DATA PROVIDED
-------
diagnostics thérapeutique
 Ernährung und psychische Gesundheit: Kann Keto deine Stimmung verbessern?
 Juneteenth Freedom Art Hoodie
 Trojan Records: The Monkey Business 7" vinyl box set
-------
Every line above is to be duplicated exactly as shown.

diagnostics thérapeutique
 Ernährung und psychische Gesundheit: Kann Keto deine Stimmung verbessern?
 Juneteenth Freedom Art Hoodie
 Trojan Records: The Monkey Business 7" vinyl box set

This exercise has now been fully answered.